Although there were times she felt she should’ve been marching on the streets with her classmates back home, she decided if she was going to make Canada her home, then she had to keep herself busy and get involved.
Taking on her first job in the country at a computer store, she met a lot of people and learned about Canadian culture. She laughs that people were always asking so many questions about her, which seemed odd at first, but later realized it was just them being friendly.
“[I tell people that] they seem really nosy but it’s because they care… I don’t know if there’s a better place for newcomers to come to a new country [than Canada],” says Loggin. “And I think people can make it here, especially in smaller communities since we make a point of introducing people from different countries [to everyone].”
When she moved to Terrace with her family, her kids attended Clarence Michiel Elementary School which was on the brink of closing down in the early 2000s. They had formed a close-knit community of students, parents and teachers that relied on one another, and their reasons to shut its doors weren’t justifiable.
Feeling the frustration, Loggin says she eagerly took on the fight and helped lead rallies with other families and staff to keep the school open. They held presentations, researched statistics and gathered support throughout the town to make sure their voices were heard.
“[There was a lot of] prejudice and racism that existed in the community separating [our school], that was the first time for me learning about poverty and discrimination,” Loggin says. “It was not just about the building, but it was about the people that were coming from some of the low-income families or immigrant families, people that had enough to worry about and were now standing up for themselves.”
Loggin says their effort was worth it as the school ended up merging with another and they were able to keep their community together. She was happy to have shown her children that it was possible to make a change but most importantly, the entire process reminded her of her younger self marching in the streets of Czechoslavkia and she saw the potential to make a difference in Canada.
She joined the Skeena Diversity Society shortly after, where she worked with a team of people fighting racism through different projects. She learned a lot about different cultures, including First Nations, which she says was an important experience as she recognized they all had a lot in common and how their differences should be celebrated.
When their centre officially opened up on Lazelle Ave., they began hosting weekly events, like international cooking nights, to bring people together and became the first stop for a lot of immigrants moving into the area. She welcomed newcomers, connected them to opportunities and did everything to make them feel that Canada was home. Helping people settle into a new foreign country gave her the feeling that she had a purpose as she was able to relate to their initial struggles and support them through it.
“First, I thought maybe I’m only here [in Canada] to give my children the life best possible… I would sometimes feel like I might never get [English],” Loggin says. “But it kind of brought it all together, becoming a world citizen… and [Skeena Diversity] was a platform for everybody to share and tell us where they were from… it’s not about carrying a country flag but saying, this is my journey.”
Loggin also joined the Terrace Downtown Improvement Area society for a few years, as she saw the benefit of making a city accessible to everyone.
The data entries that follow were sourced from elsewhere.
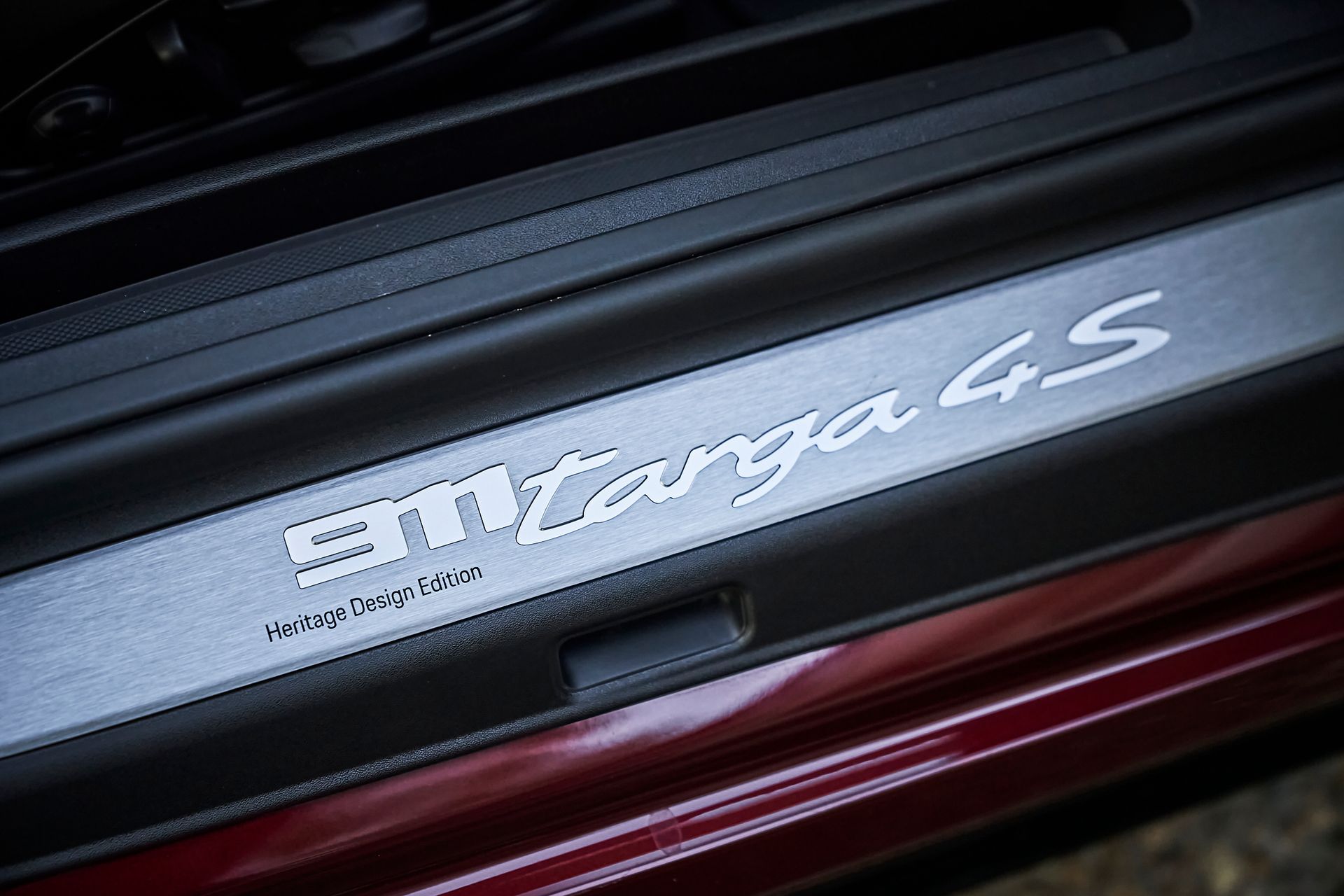 A close up of a porsche targa 4s door sill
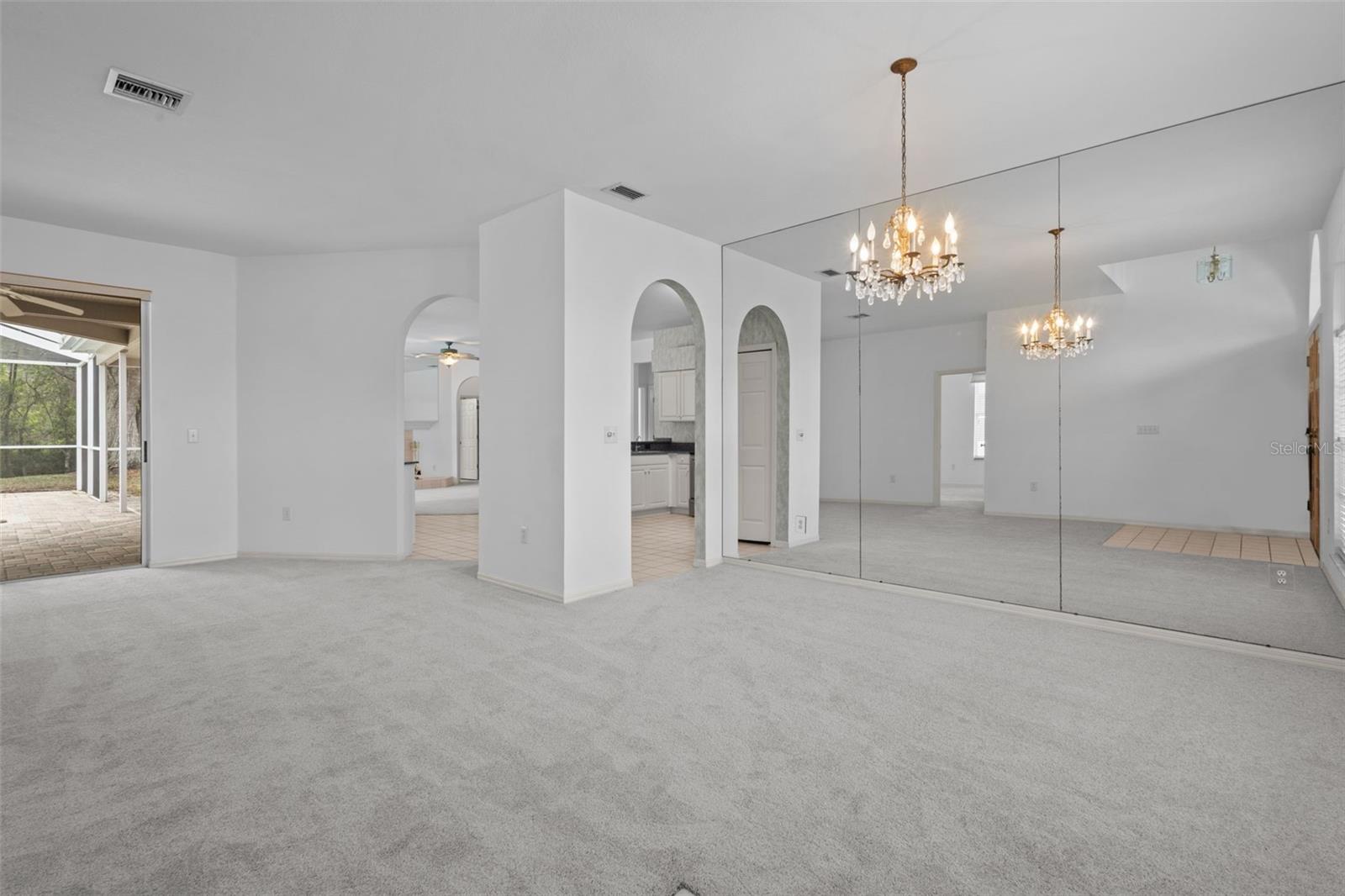 Entry opens directly into the great room with views of the pool and conservation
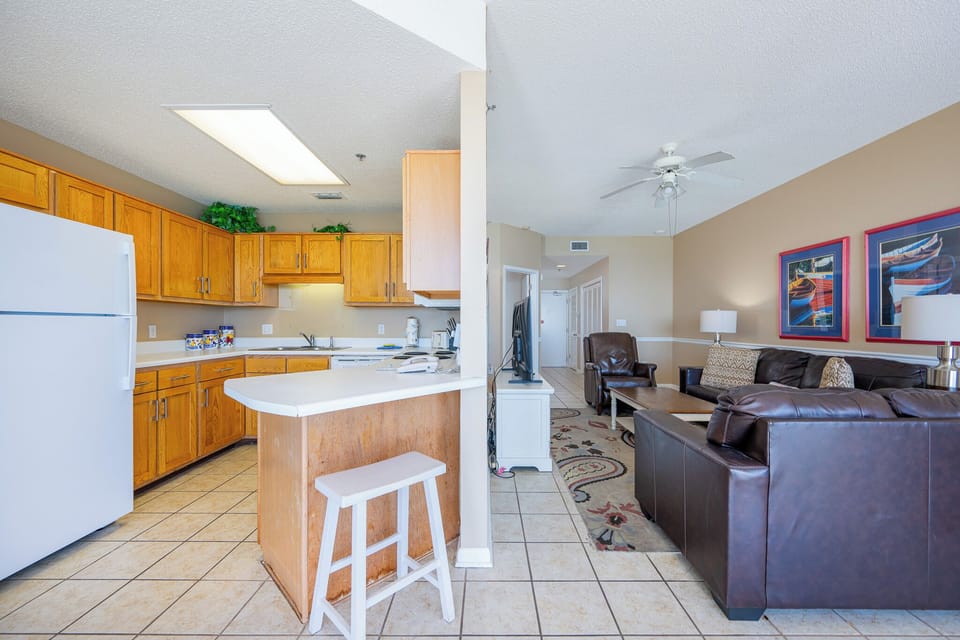Bright kitchen light energizes your morning as you prepare fresh coffee before settling into the living room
When visiting her family in Europe, she became conscious of how places worked and how they affected people through their urban design.
“[I met an architect] who spoke about how urban planning affects child development and everything else. I realized how Europe focuses on town squares versus how cities have been built for cars in North America,” she says. “And I was kind of asking, what can we do instead of bulldozing the whole thing and starting over?”
Working with the board and downtown business owners, they came up with initiatives and events to create a feeling of pride for residents. Loggin wanted to make Terrace more aesthetically-pleasing with more greenery and places of gathering, along with encouraging everyone to work together.
With the Skeena Diversity Society approaching its 20th year, Loggin summarizes her job as a project director as providing a “Terrace family” for anyone that needs one and offering a place to share stories.
“Coming together here, I feel that I get to meet new people every day and it’s super exciting. It’s like going through the journey of discovering this town and Canada all over again,” she says. “And when people share stories, they connect hearts.”